What this task involves. Excluding pictures, retype the line with "Rose Quartz Point" and each line that follows it to the end of the data below, word for word.
++++
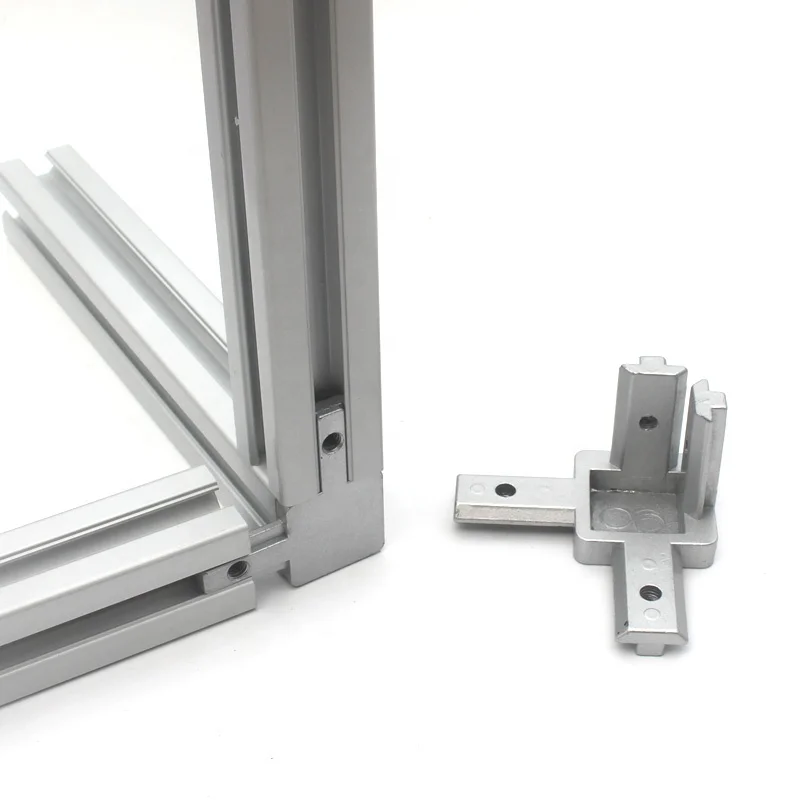 Aluminum T-Slot 3-Way 90 Degree Inside Corner Bracket
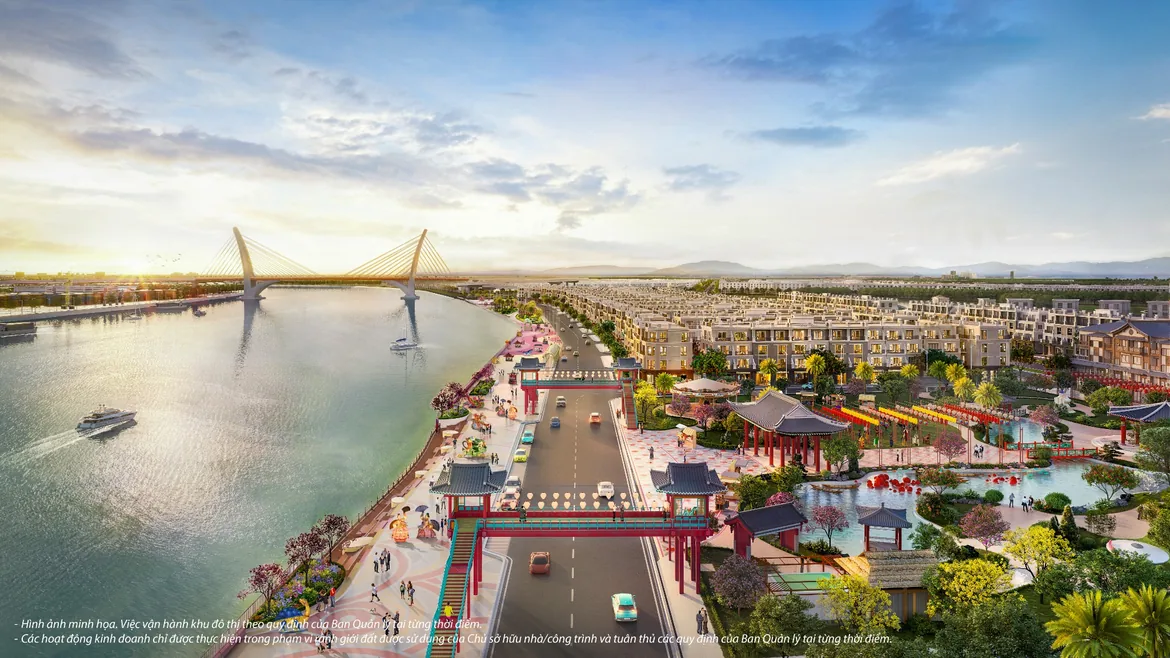 Tiện ích ngoại khu Imperia Royal Island – Phố đi bộ ven sông Vũ Yên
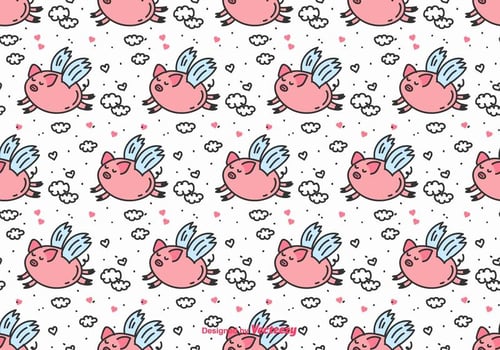 Flying Pig Vector Pattern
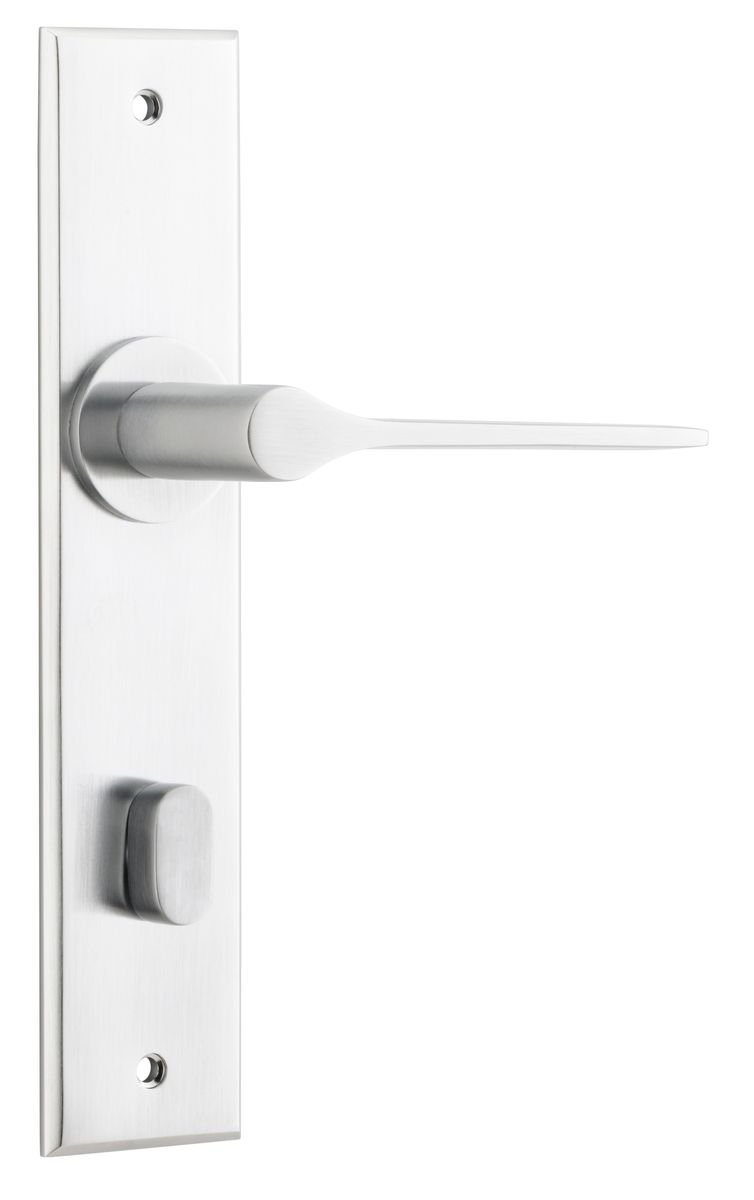 12258P85 - Como Lever - Chamfered Backplate - Brushed Chrome - Privacy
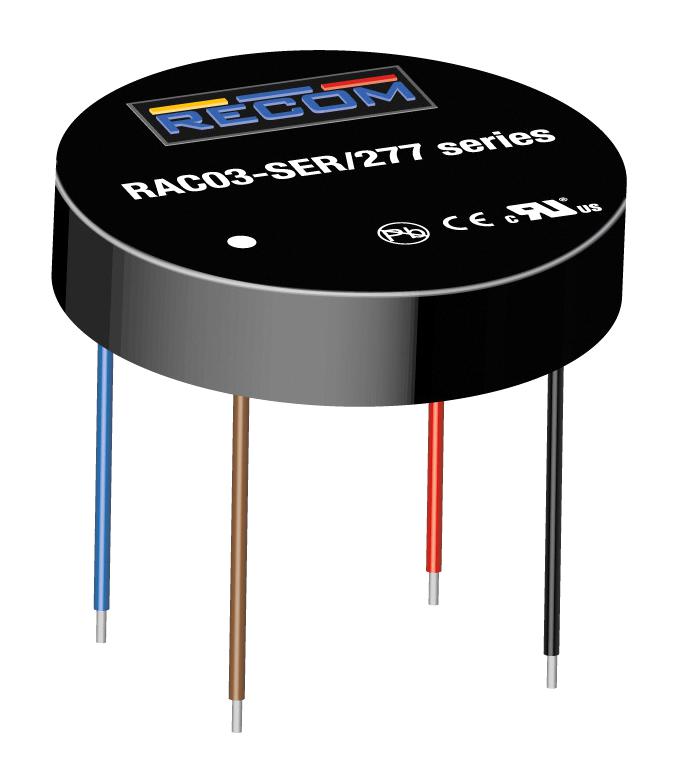 RAC03-05SER/277 POWER SUPPLY, AC-DC, 5V,0.6A RECOM POWER
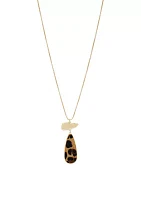 Gold Tone Long Animal Pendant Necklace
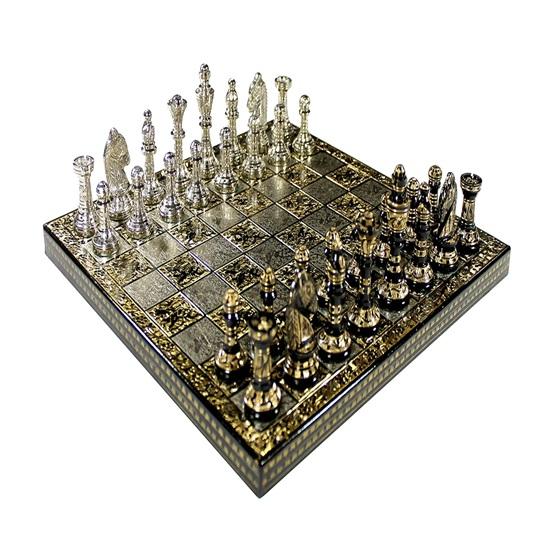 Brass Chess Game Board Set With Brass Chess Pieces Chessman Coins Pawns, for adult Christmas Fathers Mothers Gift for Him Her Birthday Gift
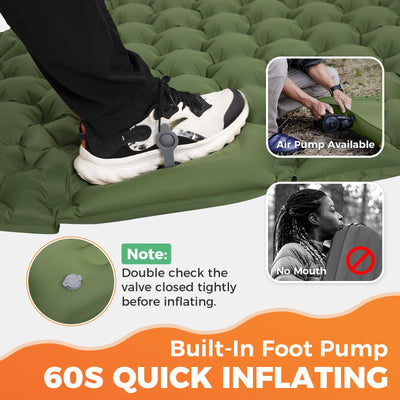 KingCamp COMFORT DUO 9 Double Air Pad with Built-in Foot Pump and Pillow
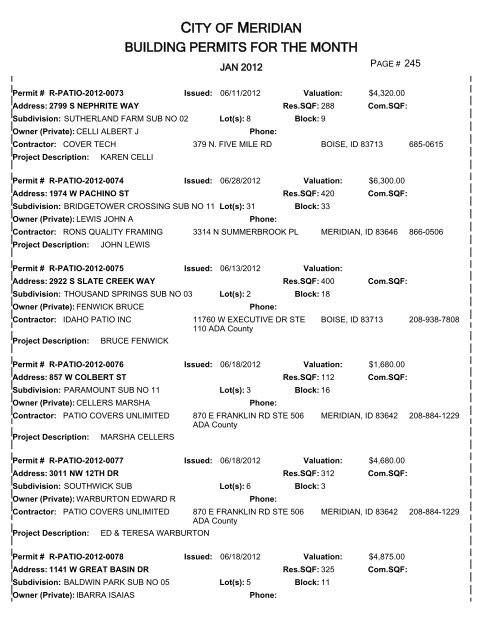 CITY OF MERIDIAN BUILDING PERMITS FOR THE MONTH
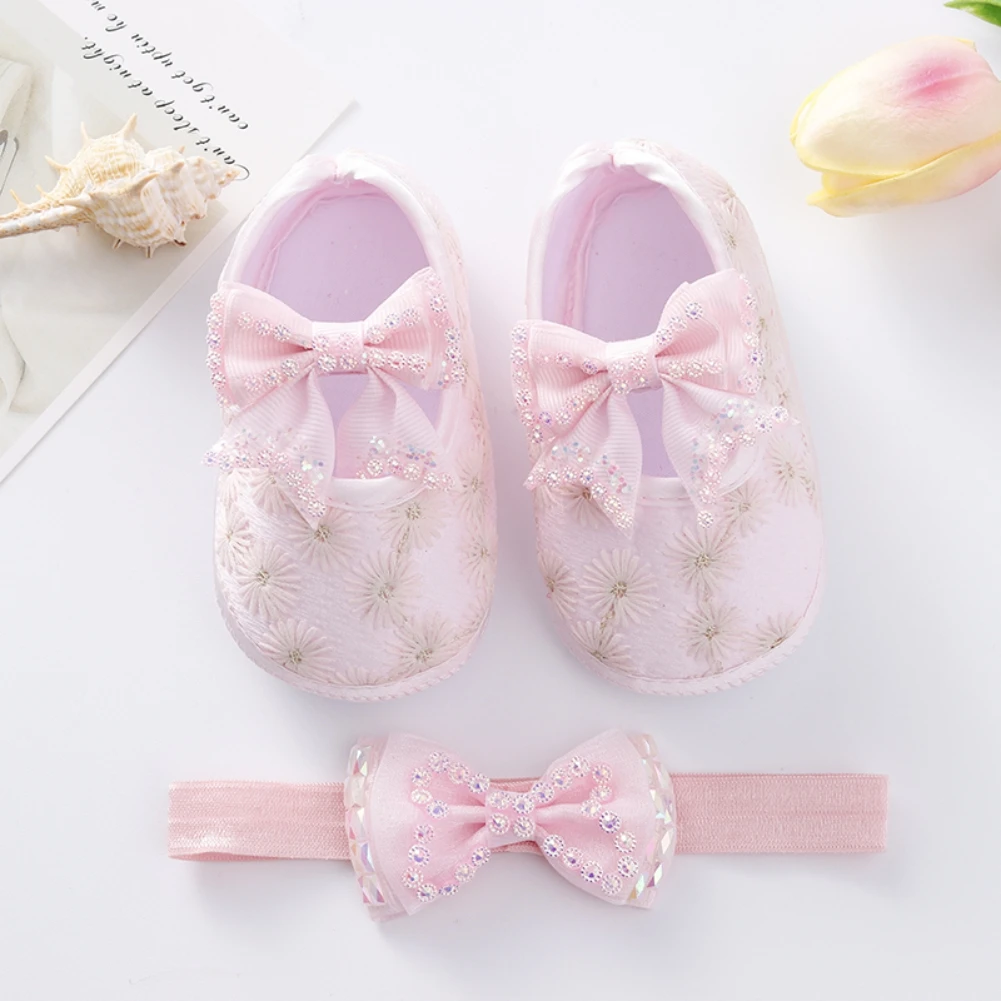 

Baywell Newborn Princess Wedding Shoes Baby Girls Flats First Walkers + Hair Band Set Infant Non-Slip Bowknot Shoes 0-12 Months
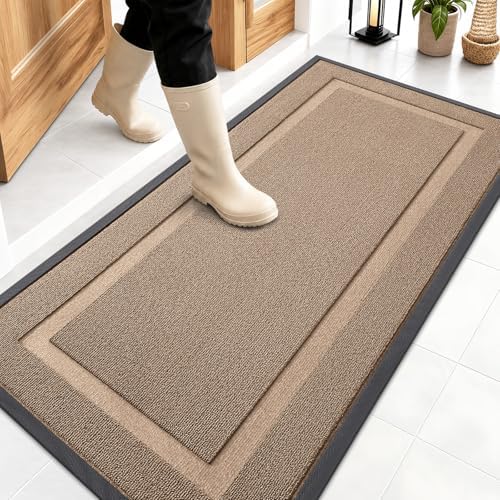 OLANLY Front Door Mat Outside 47x23, All-Season Heavy-Duty Rubber Doormat by OLANLY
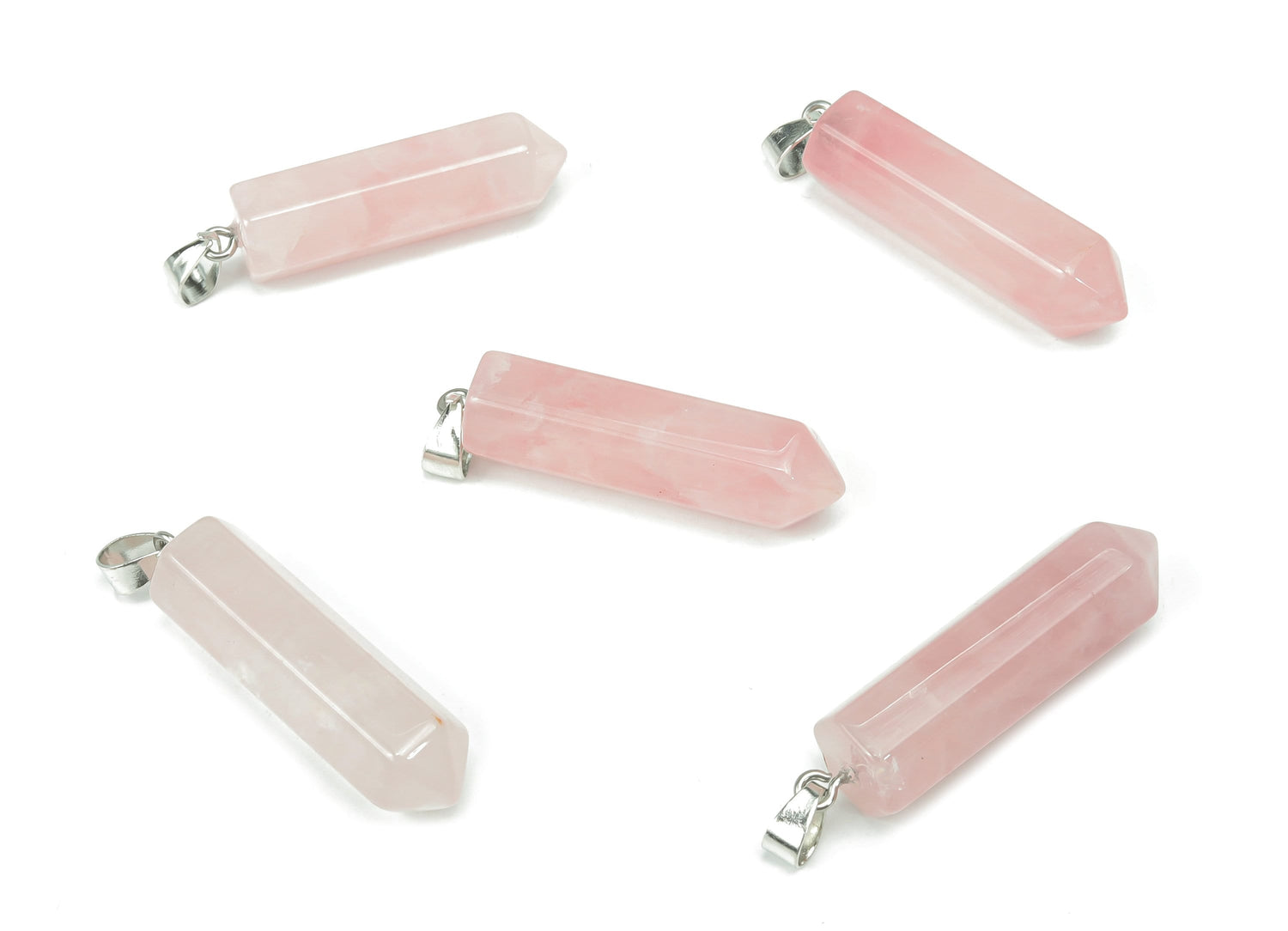 Rose Quartz Point Crystal Pendant - Jewelry Making Supplies - NC1083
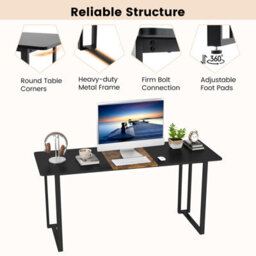 Costway Computer Desk 160 X 60 Cm Large Office Desk With Metal Frame-Black - thumbnail 6
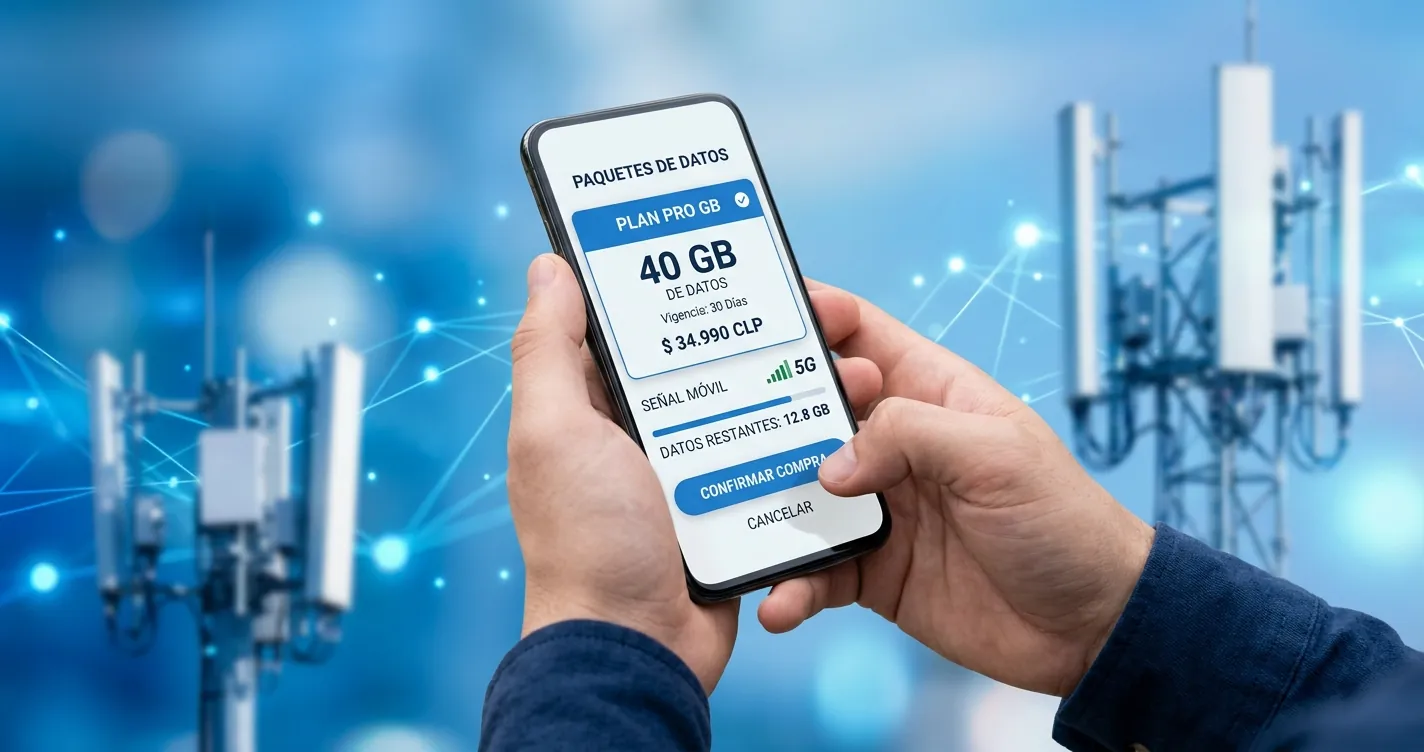Cómo comprar megas en Telcel - Smartphone mostrando la compra de un paquete de datos móviles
++++
Answer to this exercise.
 Rose Quartz Point Crystal Pendant - Jewelry Making Supplies - NC1083
 Costway Computer Desk 160 X 60 Cm Large Office Desk With Metal Frame-Black - thumbnail 6
Cómo comprar megas en Telcel - Smartphone mostrando la compra de un paquete de datos móviles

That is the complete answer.